(Short descriptive text snippets)
════

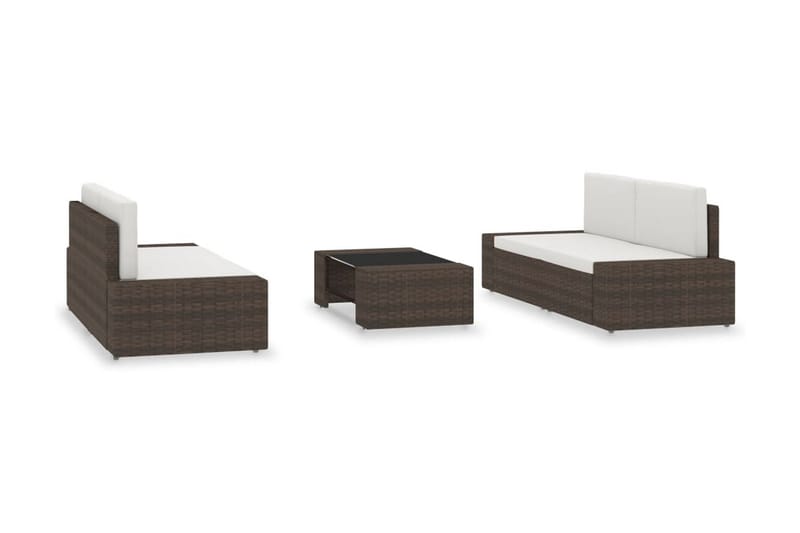 Loungesæt Til Haven 5 Dele Polyrattan Brun - Brun - Havemøbler - Loungemøbler - Loungesæt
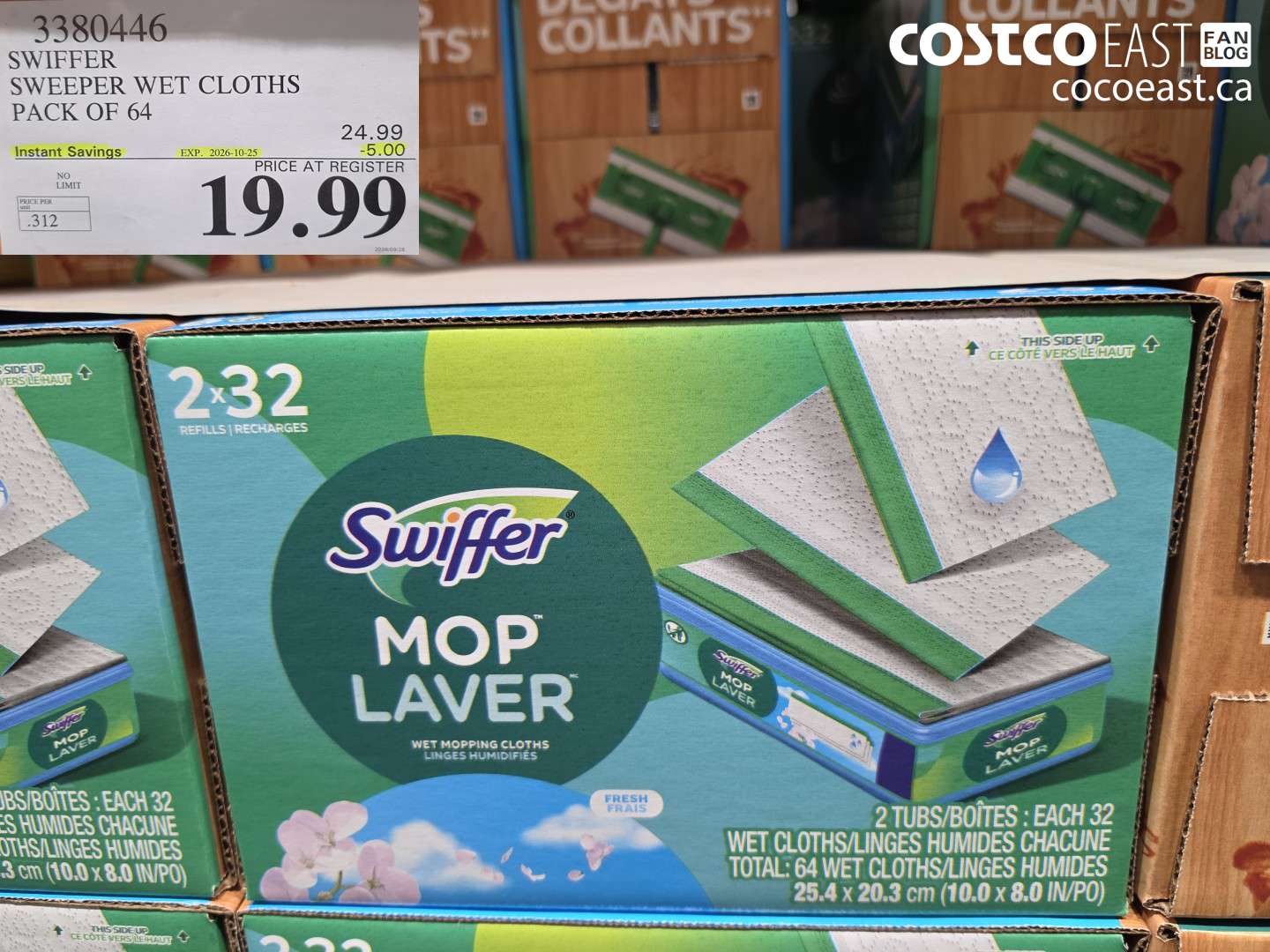 3380446 SWIFFER SWEEPER WET CLOTHS PACK OF 64 ($5.00 INSTANT SAVINGS EXPIRES ON 2026-10-25) $19.99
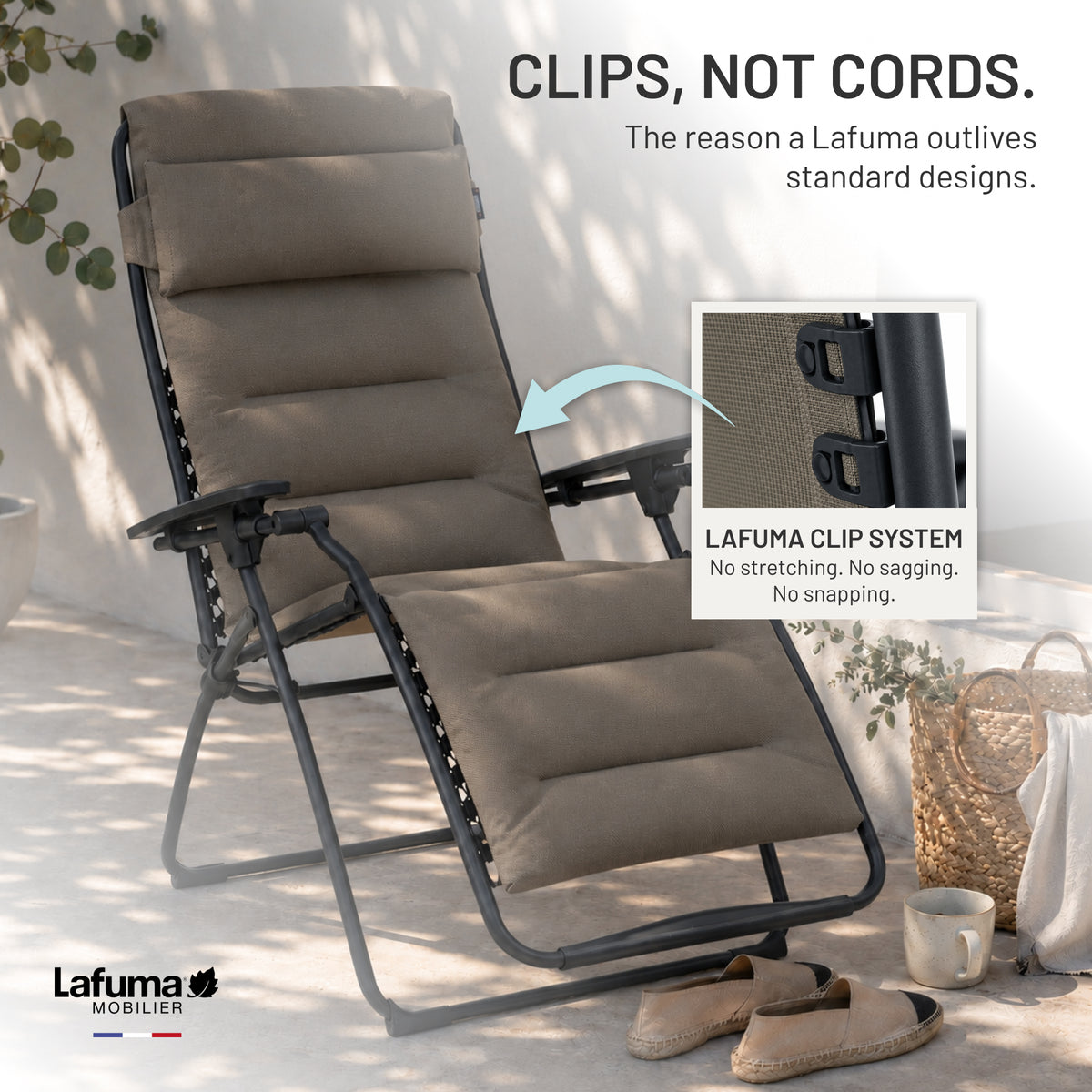 Lafuma Futura Air Comfort XL Series Outdoor Relaxation Chair, Taupe (Open Box) - VMInnovations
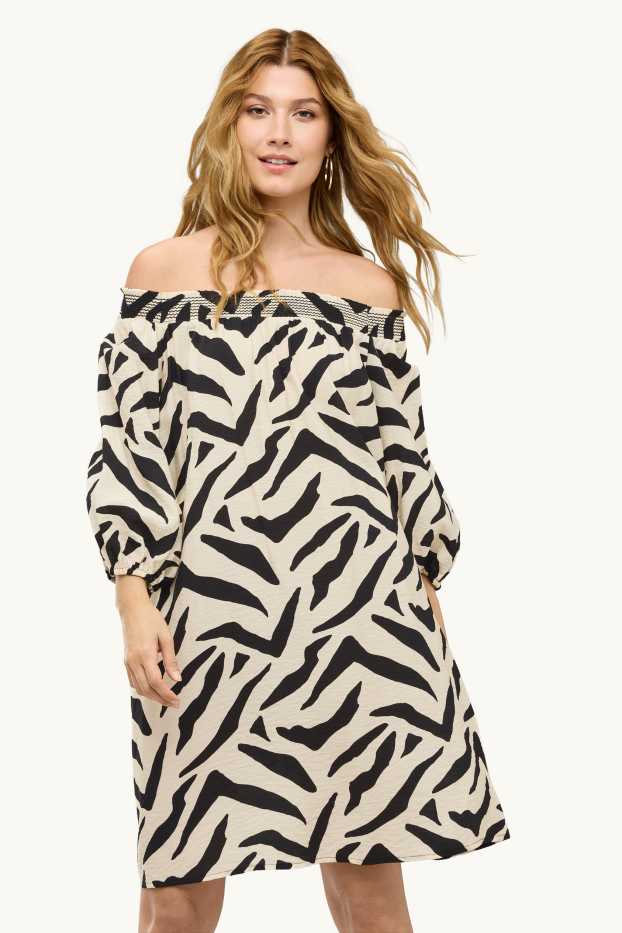 Damen - Kleid - gemustert - schwarz / beige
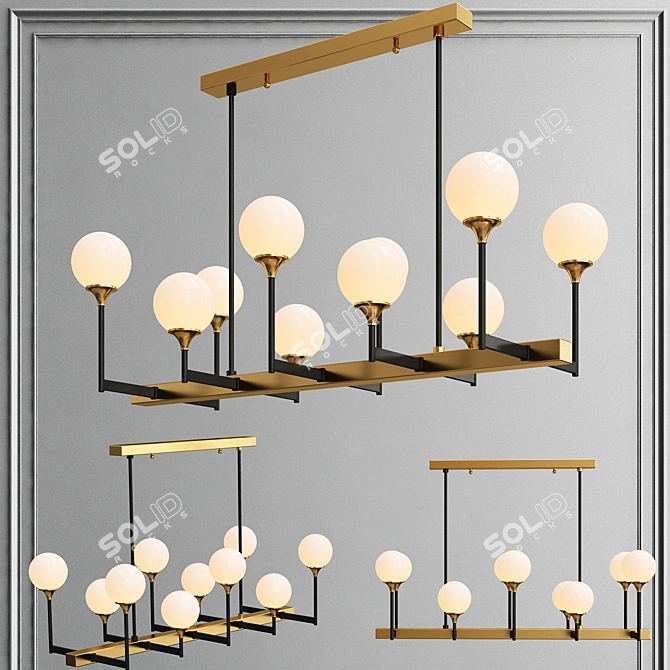 Industrial Loft Ball Valley Chandelier 3D model image 1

════

Transcribe each line above verbatim, with the pictures left out.

 Loungesæt Til Haven 5 Dele Polyrattan Brun - Brun - Havemøbler - Loungemøbler - Loungesæt
 3380446 SWIFFER SWEEPER WET CLOTHS PACK OF 64 ($5.00 INSTANT SAVINGS EXPIRES ON 2026-10-25) $19.99
 Lafuma Futura Air Comfort XL Series Outdoor Relaxation Chair, Taupe (Open Box) - VMInnovations
 Damen - Kleid - gemustert - schwarz / beige
 Industrial Loft Ball Valley Chandelier 3D model image 1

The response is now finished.